若手社員に大人たちが「三年は辞めるな」という理由 “転職したい症候群”が読むべき『社畜上等!』 (2/3ページ)

『社畜上等! 会社で楽しく生きるには』(晶文社)
『社畜上等! 会社で楽しく生きるには』(晶文社)【拡大】

 例えば、我々社畜の宿命である「希望外の仕事をやらされる」問題。大望ある若者はどう向き合うべきか。

 「希望の部署じゃないとヤダ!」なんて、単なる若者のわがままのようだが、常見氏は「この批評は実は日本企業の雇用形態の問題を的確に表現」しているという。新卒の、とくに文系の正社員総合職は、往々にして入社後に配属部署が決まる。つまり大半が何をやらされるか分からないまま入社するのだ。このご時世に自主的にキャリア形成できないという論点も孕み、これは日本の労働現場の問題としてあげられる。

 しかし、常見氏は「悪だと言い切れるか」と問う。会社の醍醐味とは、この仕事を「やらされる」という行為が個人のキャリアの幅を広げることだといい、例としてプロレスラーの佐山サトル氏をあげている。

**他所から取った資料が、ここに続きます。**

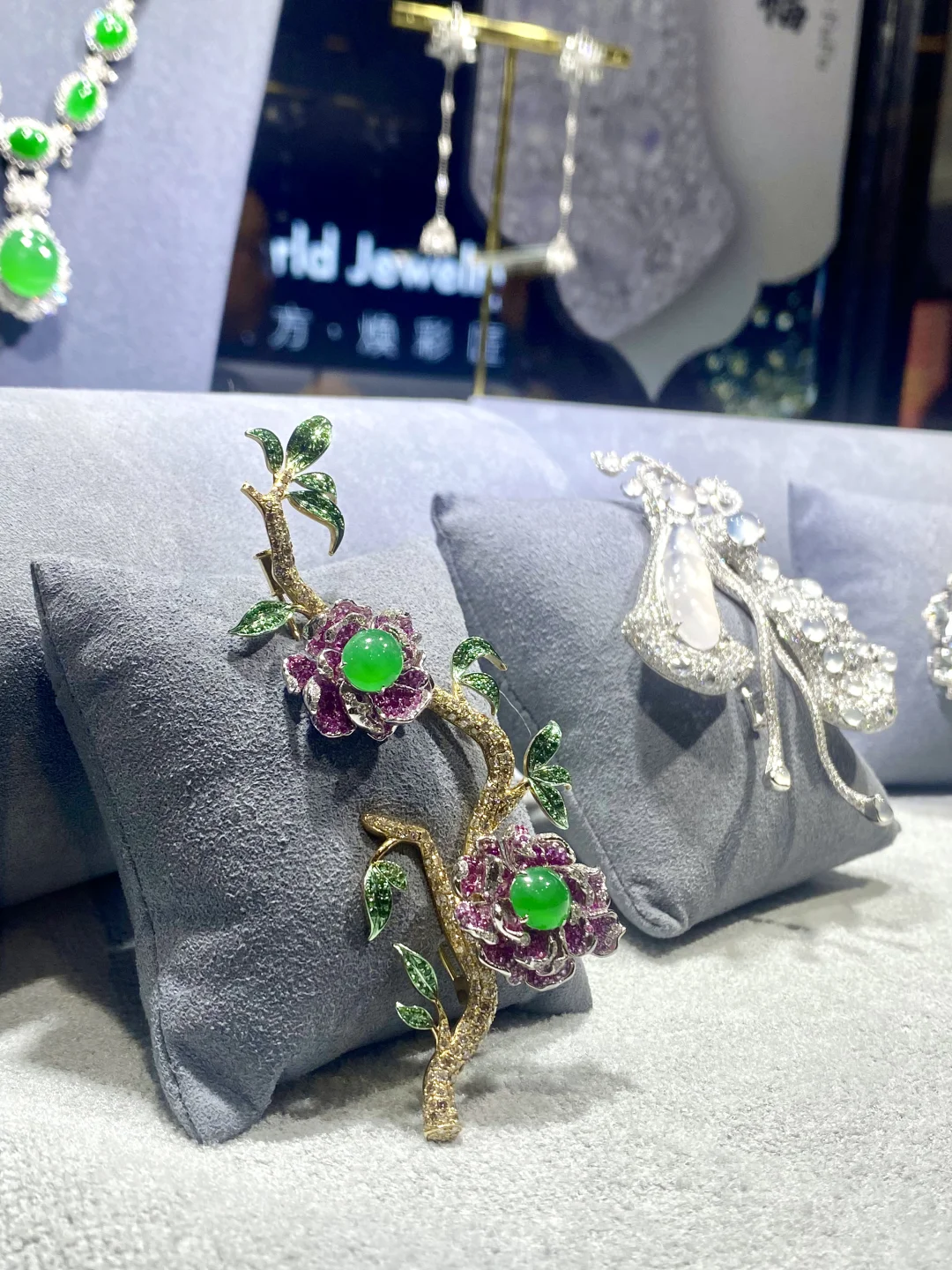 来香港展会参展的第二天！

 佐山氏は、人気マンガ『タイガーマスク』を現実にデビューさせるという企画を持ちかけられ、一度は拒否するも何度も頼まれ、一回だけなら……という条件でやむなく虎の仮面をかぶることになる。その衣装はまさに「布切れ」同然。だが、この一回きりの約束だったタイガーマスクは、一夜にしてスーパースターになった。言うまでもなく、佐山氏の人生とプロレス界を大きく変える、大ブレークのきっかけになったのだ。

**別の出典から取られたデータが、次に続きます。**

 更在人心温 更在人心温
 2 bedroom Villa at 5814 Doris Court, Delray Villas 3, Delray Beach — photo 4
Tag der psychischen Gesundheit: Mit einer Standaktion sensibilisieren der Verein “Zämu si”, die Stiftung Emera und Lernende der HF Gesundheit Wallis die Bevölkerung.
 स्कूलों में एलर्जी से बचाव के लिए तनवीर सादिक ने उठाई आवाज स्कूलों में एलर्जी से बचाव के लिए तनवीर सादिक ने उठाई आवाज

 詳しくは本書に譲るとして、無茶振りのような仕事も不本意な異動も、ビジネスパーソンとしての総合力を底上げするチャンスだ。自戒を込め、若者は“○○のプロ”として早く成長したいと願うものだが、スキルの幅を広げるうってつけの機会ぐらいに考えて、どっしり構えてもいいのかもしれない。

そんなに転職したいなら「エア転職」すればいい

 口を開けば「転職したい」と繰り返す人の中には、転職に振り切れない理由がある。それは「今の自分だと受からなさそう」だとか「今の会社は給料だけはいい」といったことだ。

 そこで常見氏は「エア転職」を勧めている。転職活動のようなものをやると、自分の強み・弱み、現在の職場の長所・短所、世の中の現実を知ることができるという。

例えば、人材紹介会社に登録してみる。しかも複数のサービスに登録することで、各社の強い分野をマークし、より相性の良いカウンセラーを探せるようにしておく。